That was always his fear. Because when Sir John Betjeman, the Duke of Edinburgh and Garter King of Arms were on the mint committee when he was designing the backs of the first decimal coins in the 1960s, they would often ask for minor changes which would always throw the design completely out of kilter. “They don’t realise that if I get Britannia leaning backwards slightly, I have to re-do all the lettering!” he’d complain.
What I most remember about my father designing the decimal coins was the secrecy surrounding it all. As an artist – he was a painter and taught life-drawing at the Royal College of Art – he’d been chosen as one of many designers to submit designs to a Royal Mint Committee, but it was essential that no one knew anything about it.
And when his designs were finally chosen, we lived a kind of cloak-and-dagger life. The coins were designed on paper, and then worked in reverse into large deep circles of plaster. They would then be cast back to positive and my father would work on them, then cast them back to negative and so on.
He used to sit hunched over his drawing board in the sitting room, jabbing away at the plaster with a sculpture tool, peering at the tiniest detail through a large magnifying glass. Whenever anyone came round (even the window cleaner) odd bits of cloth had to be hastily thrown over the designs, and the plaster casts were stacked out of sight. Everything was done on the telephone and letters arrived marked “Strictly private”.
Everything went swimmingly until, in 1966, James Callaghan, the new Chancellor of the Exchequer, announced that we would be switching to decimalisation.

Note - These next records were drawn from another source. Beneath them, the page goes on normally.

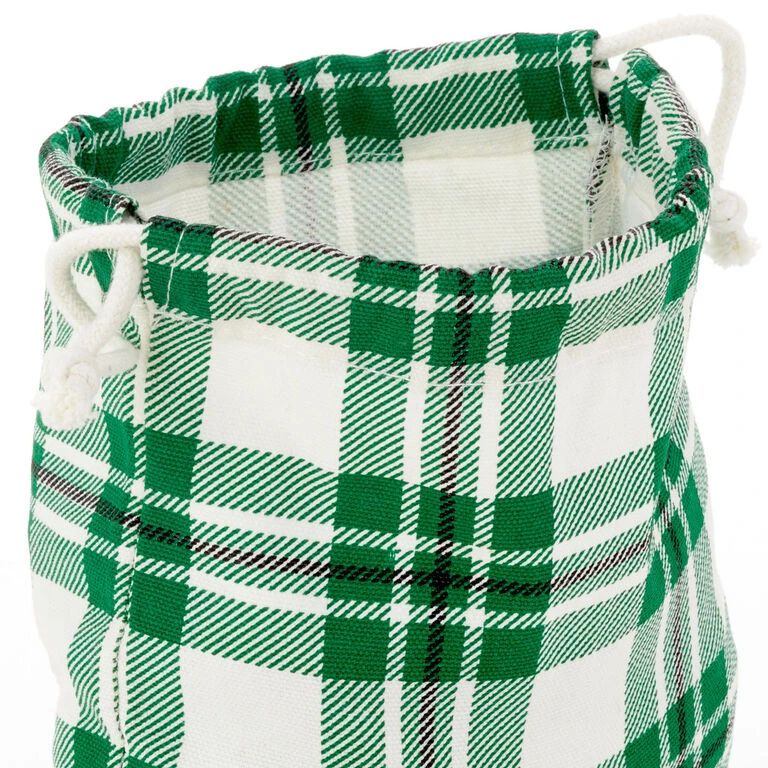 Hallmark 10" Assorted Plaid 3-Pack Fabric Gift Bags 6 Hallmark 10" Assorted Plaid 3-Pack Fabric Gift Bags - Image 4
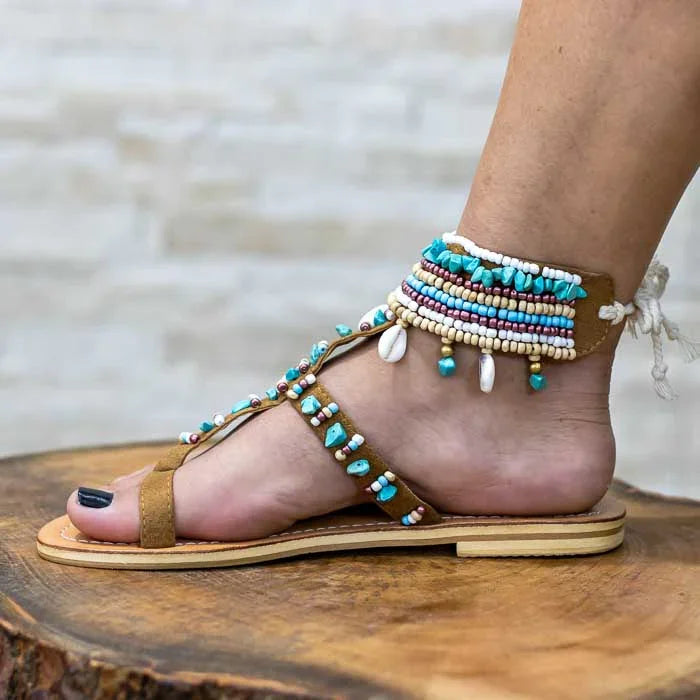 Sandália leve e estilosa com inspiração praiana e estética artesanal.
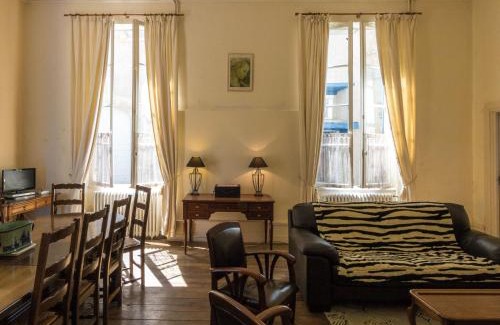 Chalais House | Castle in Chaleix with Pool and Views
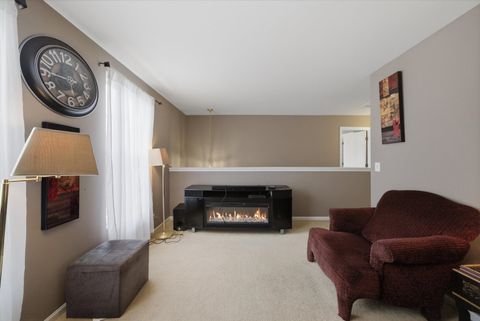 Tiny photo for 1615 Victoria Park Circle, Aurora, IL 60504 (MLS # 12605547)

He also announced that the previous design decision, which my father had won, should be scrapped and there should be an open competition with everyone submitting their designs anonymously.

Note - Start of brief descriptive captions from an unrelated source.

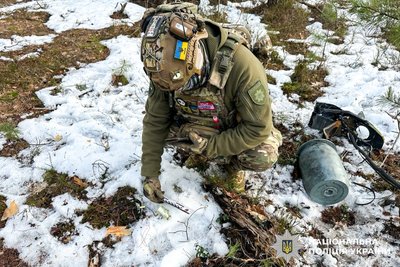 Знешкодили бойову частину БпЛА, яку виявили в лісі на Рівненщині Знешкодили бойову частину БпЛА, яку виявили в лісі на Рівненщині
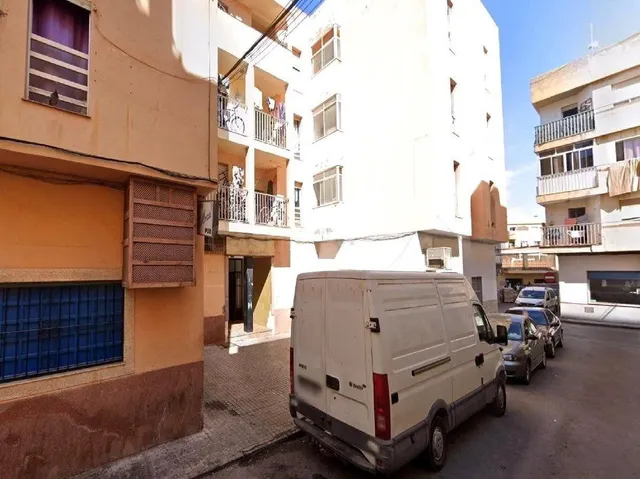SE VENDE casa OKUPA en C Claveles 14 de Albox - foto 3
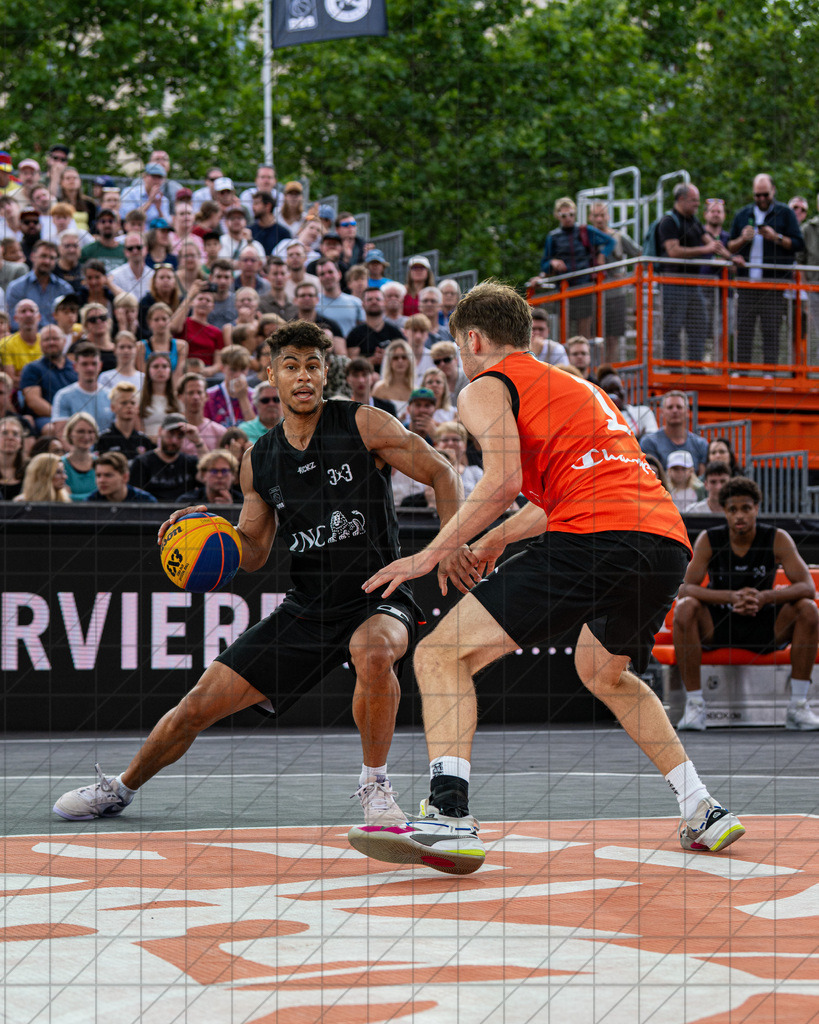 DIE FINALS 2025 | Dt. Meisterschaft 3x3   | Spiel um Platz 3. Der Stamm (orange) vs. Der Stamm underdogs (black) //  02.08.25: DIE FINALS 2025 | Dt. Meisterschaft 3x3   / Dresden / Deutschland  //   CREDIT:www.bullenfotos.de, Martin König, Hörner Weg 40, D-49078 Osnabrück, +4917663732967 // Nutzung und Weitergabe nur zu den vereinbarten Zwecken. Presseanfragen an Ersteller. Alle Rechte beim Ersteller. Honorierung nach MFM. - Realisiert mit Pictrs.com
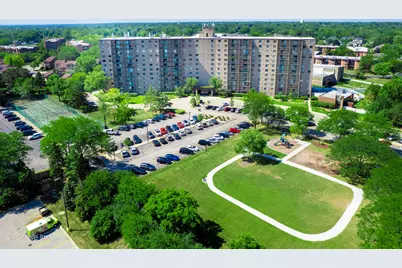 6340 Americana Drive #310, Willowbrook, IL 60527 - Photo 2
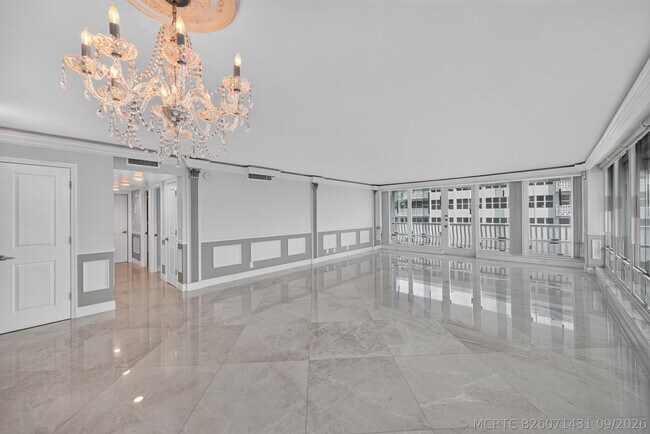 Building Photo - 4020 Galt Ocean Dr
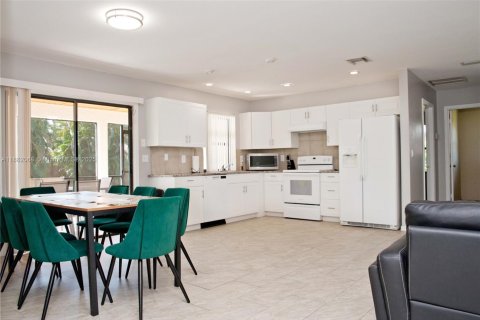 Снять в аренду виллу или дом в Порт-Сент-Луси, Флорида 4 спальни, 146.97м2, № 2020560 - фото 5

After fortifying himself with a couple of gin and tonics, my father nobly started all over again. He was determined to win for a second time – this time using a pseudonym. He did dozens of designs. My stepmother remembers being faced, once, with 15 images of St George. “Which do you like best?” my father asked. “St George naked, or St George with armour?”
Sometimes she would pose for Britannia, holding a ruler instead of trident, as my father would command “Back a bit!” “Forward a bit!” to get the posture right.
Eventually, Arnold Machin won the competition to do the Queen’s portrait, but my father was commissioned to design the reverses of the coins. They finally made their appearance in 1968. My father would later design the coinages of Tanzania, Brunei, Bahamas, Qatar, Dubai and Singapore.
I remember him explaining why he never signed his coins. “There are three reasons,” he said. “The first is that it would spoil the design of the coin. The second is that it’s arrogant.” The third, he said, “is that it is even more arrogant not to sign them. The work of a great many artists who are geniuses is never recognised and probably eventually disappears.
“But if one is a coin designer, one’s work lasts long after death. It forms a part of the history of the country for which it has been designed and one became famous. Not because one is a genius or a saint or a monster, but simply because one is a coin designer.”